OBS: A própria Igreja Romana, que crê numa distinção entre os “sacerdotes ministeriais” (padres e bispos) e “os sacerdotes comuns” (os “leigos”), afirma na Constituição “Lumen Gentium”, o principal documento doutrinário do Concílio Vaticano II: “…Os fiéis, no entanto, em virtude de seu sacerdócio régio, concorrem na oblação da Eucaristia e o exercem na recepção dos sacramentos, na oração e na ação de graças, no testemunho de uma vida santa, na abnegação e na caridade ativa.” (Lumen Gentium, nº 28 apud VIER, Frederico, O.F.M. (org.). Compêndio do Vaticano II: constituições, decretos, declarações, p.50).

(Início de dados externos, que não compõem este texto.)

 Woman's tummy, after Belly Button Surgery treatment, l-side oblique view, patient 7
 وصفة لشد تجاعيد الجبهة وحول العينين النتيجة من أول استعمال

- Este sacerdócio real é exercido, além do culto racional a Deus, pelo anúncio do Evangelho. Pedro diz que este “sacerdócio real” deve anunciar as virtudes d’Aquele que nos chamou das trevas para a Sua maravilhosa luz. A proclamação do Evangelho, o poder de Deus para a salvação de todo aquele que crê (Rm.1:16), é o exercício deste “sacerdócio real”. Por isso, a Igreja não pode deixar de pregar a Cristo e Este, crucificado (I Co.2:1,2).
- Este sacerdócio real é exercido mediante a mantença de uma vida santa, de separação do pecado, de comunhão com Deus e declarada solenemente e de modo visível pela participação da mesa do Senhor. Quando participamos do corpo e do sangue de Jesus Cristo, anunciamos ao mundo que estamos em comunhão com Deus e com a Sua Igreja, que estamos a fazer a vontade de Deus, que é a comida e bebida do corpo de Cristo (Jo.4:34; 6:53-58).

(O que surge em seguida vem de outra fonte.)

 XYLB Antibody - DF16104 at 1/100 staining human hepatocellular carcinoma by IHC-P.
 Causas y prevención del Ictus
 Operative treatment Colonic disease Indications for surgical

- Por fim, na descrição de Pedro, a Igreja é o “povo adquirido”, o que, também já o dissemos, logo no limiar das características, quando afirmamos que a Igreja é de Jesus Cristo. Fomos comprados por bom preço (I Co.6:20; 7:23), a saber, o sangue de Jesus Cristo (I Pe.1:18,19). Por isso, a Igreja não pode servir nem ao dinheiro (Mt.6:24), nem aos homens (I Co.7:23).

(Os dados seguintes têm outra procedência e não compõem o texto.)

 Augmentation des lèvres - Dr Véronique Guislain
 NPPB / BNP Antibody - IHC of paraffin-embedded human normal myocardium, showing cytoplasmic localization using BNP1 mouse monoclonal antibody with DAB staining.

OBS: Por isso não podemos concordar com um cântico que fez muito sucesso mas que não tem qualquer base bíblica e que repete, “ad nauseam”, que “eu nunca saberei o preço dos meus pecados lá na cruz”. Sabemos, sim, foi o sangue de Jesus, amados irmãos!
- Se somos propriedade do Senhor Jesus, somos Seus servos e, por isso, não mais fazemos o que queremos, mas o que o Senhor quer que façamos. Não temos vontade própria. Somos súditos do Rei Jesus, fazemos o que Lhe agrada, o que Ele manda (Jo.15:14). Por isso, Paulo diz que não mais vivemos mas é Cristo que vive em nós (Gl.2:20).
II – OS PERIGOS QUE CERCAM A IDENTIDADE DA IGREJA
- Tendo visto as características da Igreja, que a identificam diante de Deus e dos homens, precisamos verificar quais são os perigos que existem para que percamos estas qualidades e venhamos a perder a condição de “filhos do reino”. É importante observar que a Igreja jamais perde a Sua identidade, mas que os salvos podem deixar de ser membros da Igreja.
- A Igreja é sempre santa, gloriosa, sem mácula, nem ruga ou coisa semelhante, sacerdócio real, geração eleita e povo adquirido, mas nós podemos ser lançados fora deste corpo por termos perdido a identidade de Igreja, de “filhos do reino”.
- Reside aqui uma das demonstrações de que é mais afinada com as Escrituras a doutrina de que “reino dos céus” e “reino de Deus” são expressões sinônimas imperfeitas, ou seja, que não querem dizer a mesma coisa sempre. A possibilidade de perdermos a identidade de Igreja é uma amostra de que, no “reino dos céus”, na “esfera terrena do reino de Deus”, há possibilidade de contaminação, de “infiltração” do que não é de Deus no meio do povo de Deus, como o Senhor Jesus deixa claro nas parábolas a respeito do “reino dos céus”, notadamente no capítulo 13 de Mateus.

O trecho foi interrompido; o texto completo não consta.